Showing posts with label Samuel Johnson. Show all posts
Showing posts with label Samuel Johnson. Show all posts

Tuesday, 31 March 2020

Samuel Johnson, compiler of the first English dictionary




Samuel Johnson, a self-confessed harmless drudge, died on 13th December 1784 at the age of 75. He had been one of the outstanding literary figures of his age, renowned not only for his writing but his witty sayings and put-downs, most of which were recorded by his long-time friend and travelling companion James Boswell.

Johnson’s output as a writer was not all that great, mostly comprising essays and criticism in his journals “The Rambler” and “The Idler”. He wrote some notable poems, one novel (Rasselas – written in haste to raise money to pay for his mother’s funeral), and a travelogue describing the tour of Scotland that he undertook with Boswell.

However, Johnson’s major achievement was the composition of his “Dictionary of the English Language”, a monumental work that contained 40,000 entries, all of them produced by Johnson himself. Many of the entries contained comments and asides that would not be allowed in a modern dictionary and show evidence of humour.
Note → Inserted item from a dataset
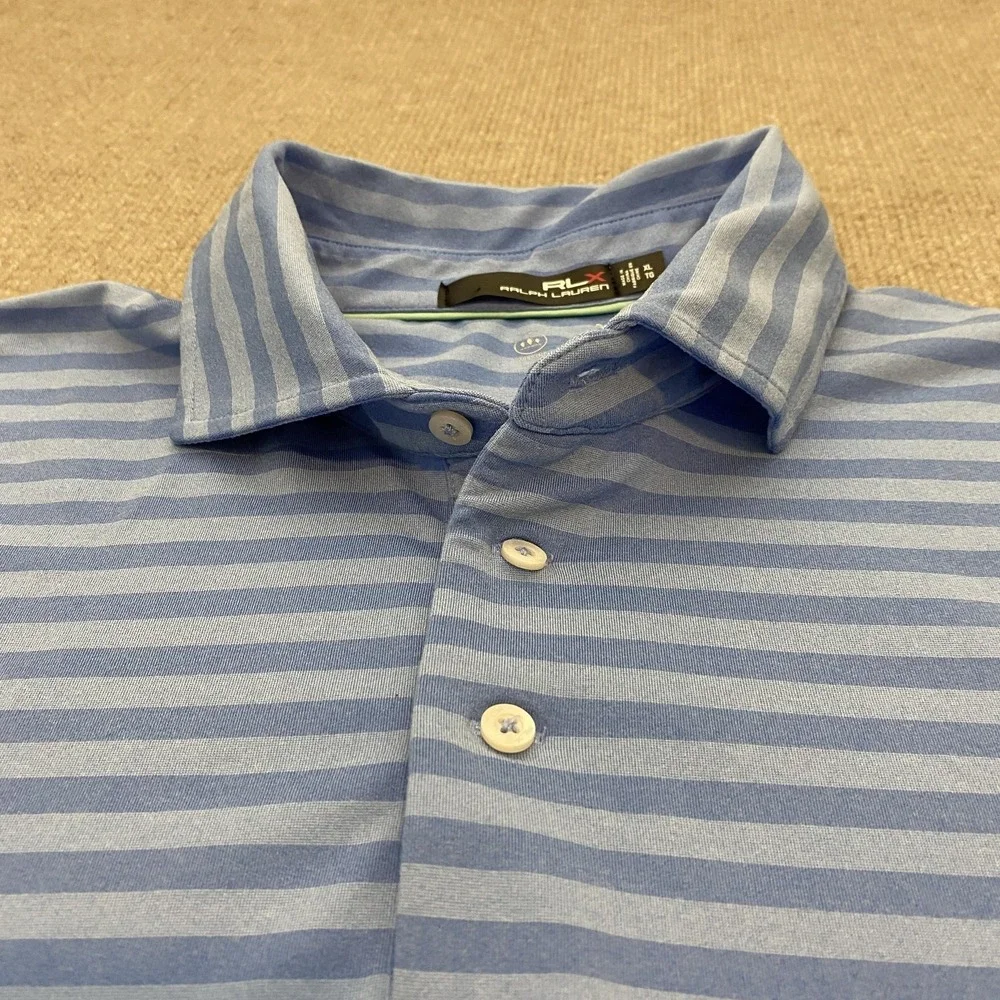 RLX Ralph Lauren Polo‎ Shirt Mens XL Blue Stripe Golf Performance Stretch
These include his definition of “lexicographer” as “a maker of dictionaries; a harmless drudge”.

Johnson is often referred to as “Doctor Johnson”, but his formal education was limited (he had had to abandon his studies at Oxford University due to lack of funds) and the doctorate was an honorary one from Trinity College Dublin.

Many of the sayings attributed to Samuel Johnson have reached us via James Boswell, who wrote a memorable “Life of Samuel Johnson” as well as his own “Journal of a Tour to the Hebrides”. These include “No man but a blockhead ever wrote, except for money”, “When a man is tired of London he is tired of life” and “Patriotism is the last refuge of a scoundrel”.

© John Welford

Wednesday, 21 March 2018

Rasselas, by Samuel Johnson



“The Full History of Rasselas, Prince of Abissinia”, which is usually abbreviated to “Rasselas”, was the only novel written by Dr Samuel Johnson (1709-84). He claimed that he wrote it in order to raise funds to meet the costs of his mother’s funeral in 1759.
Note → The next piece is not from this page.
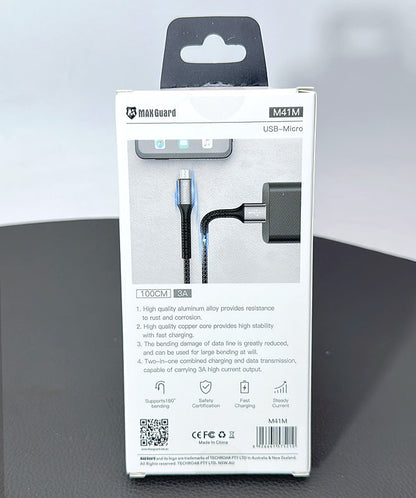 Maxguard 1m USB-A to Micro cable M41M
Johnson had achieved fame by publishing his “Dictionary of the English Language” in 1755, but Rasselas is a very different kind of work.

It tells the story of a pampered prince who lives in the “happy valley” where all his physical needs are catered for but leaves him secluded from the outside world. However, he is dissatisfied with his lack of knowledge and escapes from the valley together with his sister, with a view to finding true happiness.
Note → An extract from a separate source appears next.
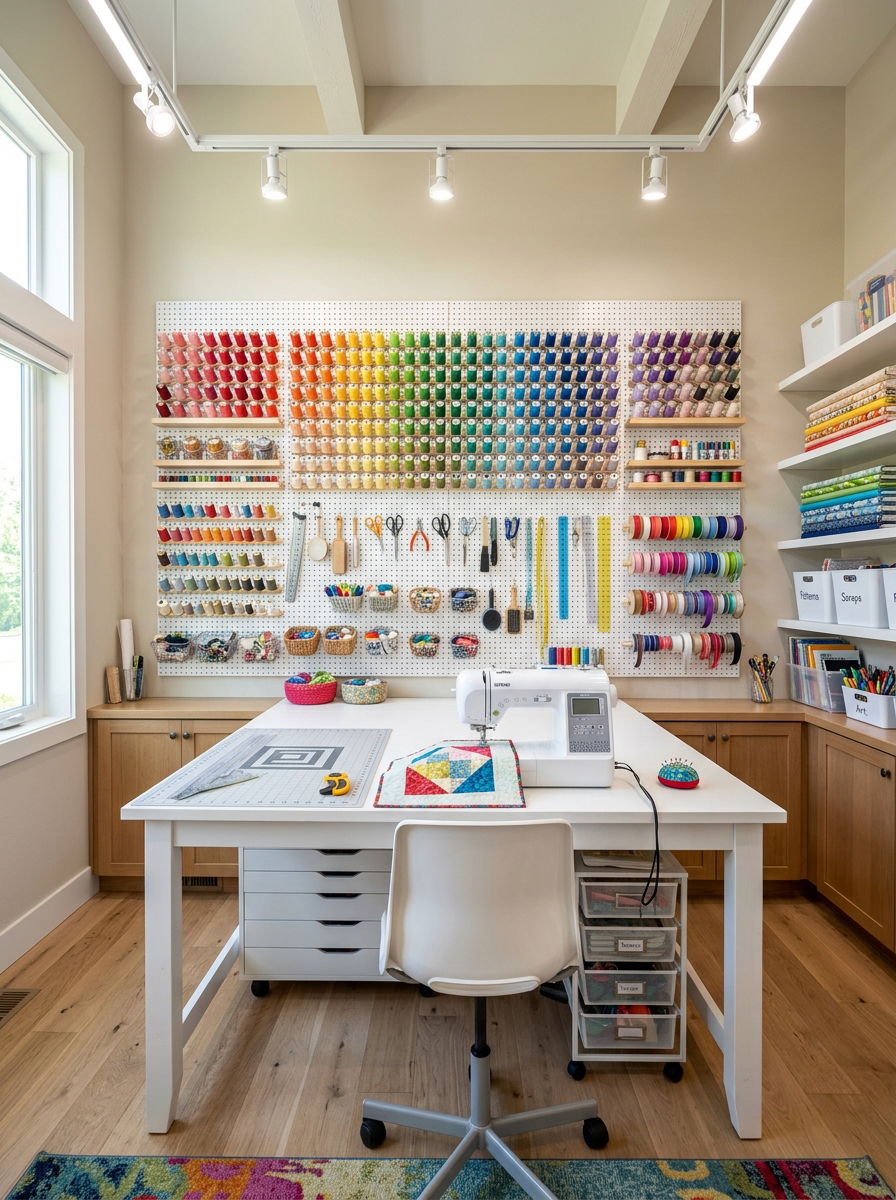 Craft Room Pegboard - 30 office pegboard ideas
As a novel, Rasselas hardly counts as great literature, but Johnson was not a great storyteller, and the story is not the most important element of the book. It should instead be seen a parable – in the sense that John Bunyan’s “Pilgrim’s Progress” is a parable – and a peg on which Johnson could hang his thoughts and moral reflections about a wide range of topics.

Prince Rasselas engages in a number of lengthy conversations in which he discourses on matters including learning, reason, getting old, power, desire, madness and solitude. The views he expresses can be taken as those with which Samuel Johnson agrees or takes issue.

Apart from the famous dictionary, Dr Johnson is best known to us through the work of his friend and companion James Boswell, whom he first met in 1763. In his biography of Johnson (1791), and his well-known “Journal of a Tour to the Hebrides” (1785), Boswell recounted many conversations with Johnson in which the latter produced a large number of observations – including barbed and caustic remarks – that are often quoted even today. These have enabled us to form a view of this fascinating character.

However, the Johnson that emerged via the pen of Boswell had already been partly revealed many years earlier through Johnson’s own work, namely his “pot boiler” novel Rasselas.